Activity
Pictures stay out; please output the remaining data exactly.

Stored items from a collection:
******
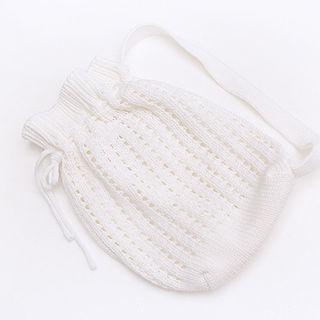 Drawstring Pointelle-knit Bag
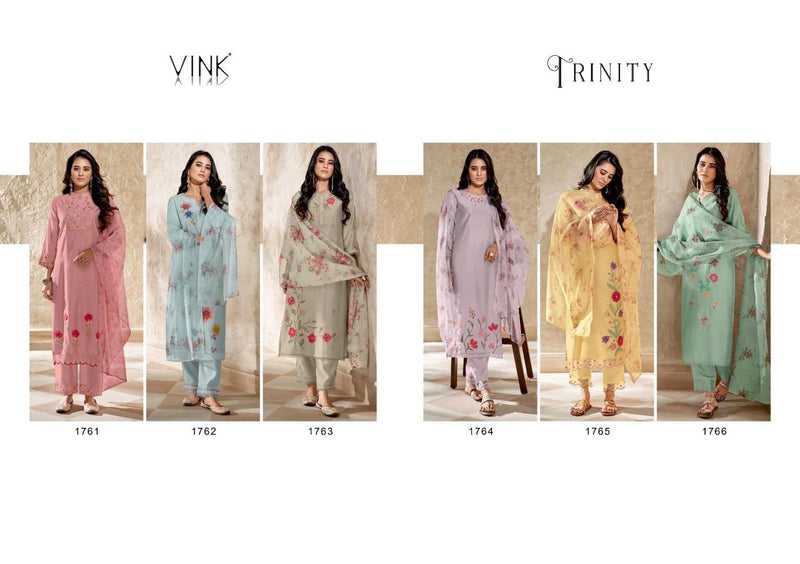 Vink Trinity Viscose kurta Organza Printed Fancy Designer Partywear Kurti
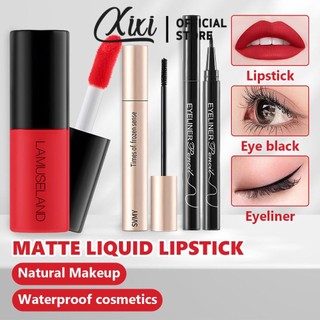  LAMUSELAND Matte Liquid Matte Lock-Color Lip Glaze + Đầu cọ nhỏ uốn Mascara đen + Bút kẻ mắt màu đen chống nhòe Bộ trang điểm lâu trôi không thấm nước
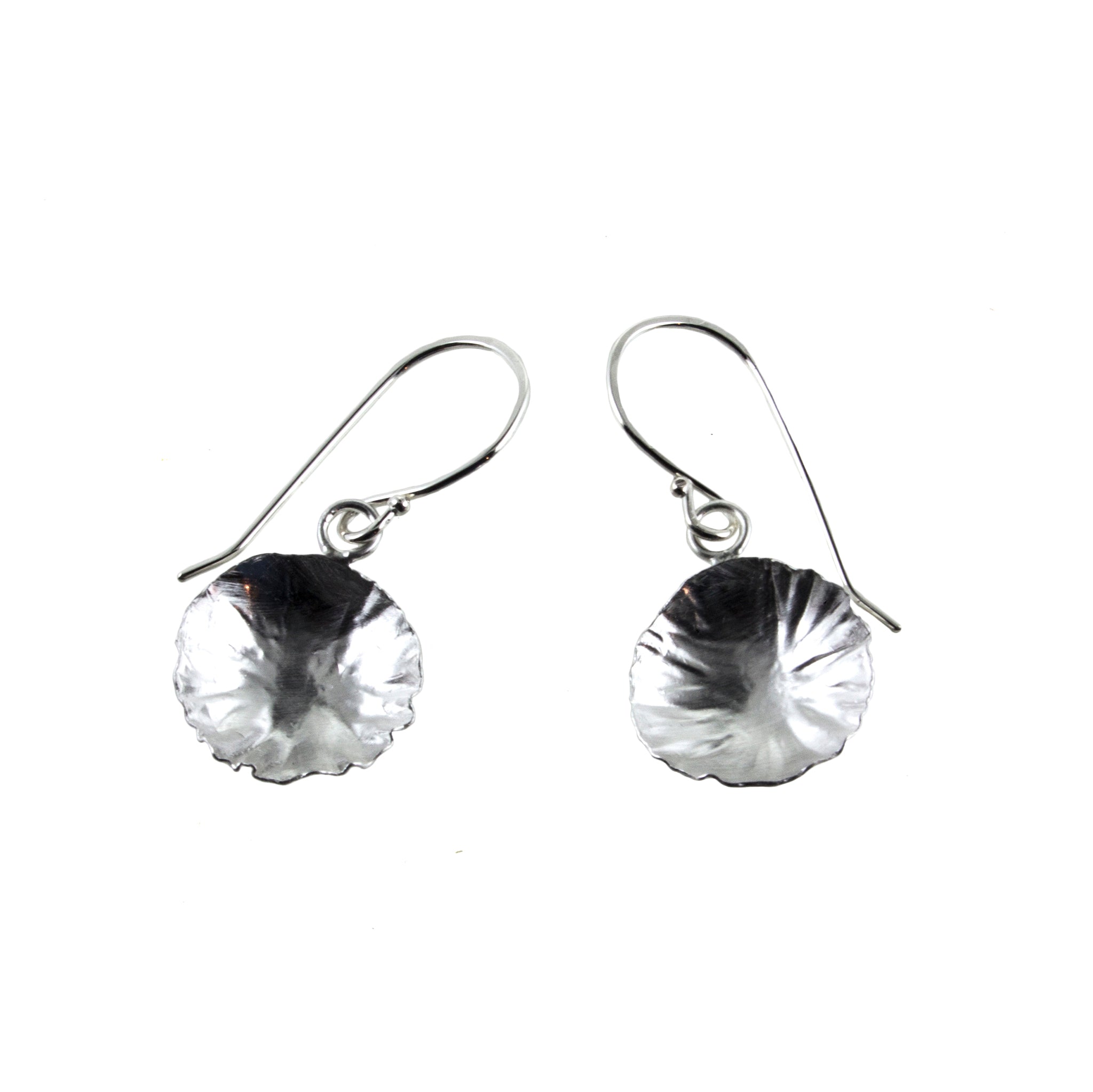 sterling silver round leaf earrings by eko jewelry design, Deanna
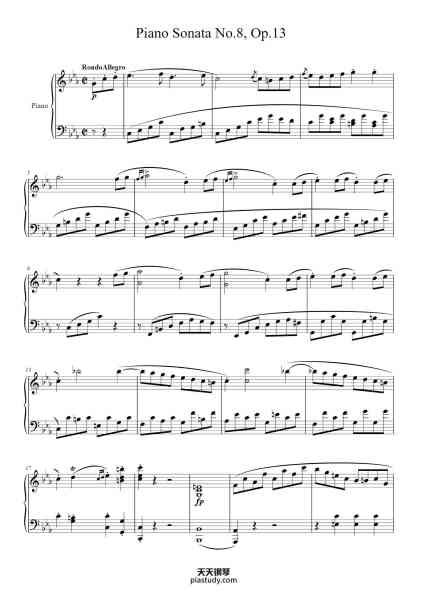 “Piano Sonata No. 8 in C Minor, Op. 13 "Pathétique"”钢琴谱-Ludwig van Beethoven
(1770 - 1827)-免费下载-天天钢琴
******
Completed task
 Drawstring Pointelle-knit Bag
 Vink Trinity Viscose kurta Organza Printed Fancy Designer Partywear Kurti
  LAMUSELAND Matte Liquid Matte Lock-Color Lip Glaze + Đầu cọ nhỏ uốn Mascara đen + Bút kẻ mắt màu đen chống nhòe Bộ trang điểm lâu trôi không thấm nước
 sterling silver round leaf earrings by eko jewelry design, Deanna
 “Piano Sonata No. 8 in C Minor, Op. 13 "Pathétique"”钢琴谱-Ludwig van Beethoven
(1770 - 1827)-免费下载-天天钢琴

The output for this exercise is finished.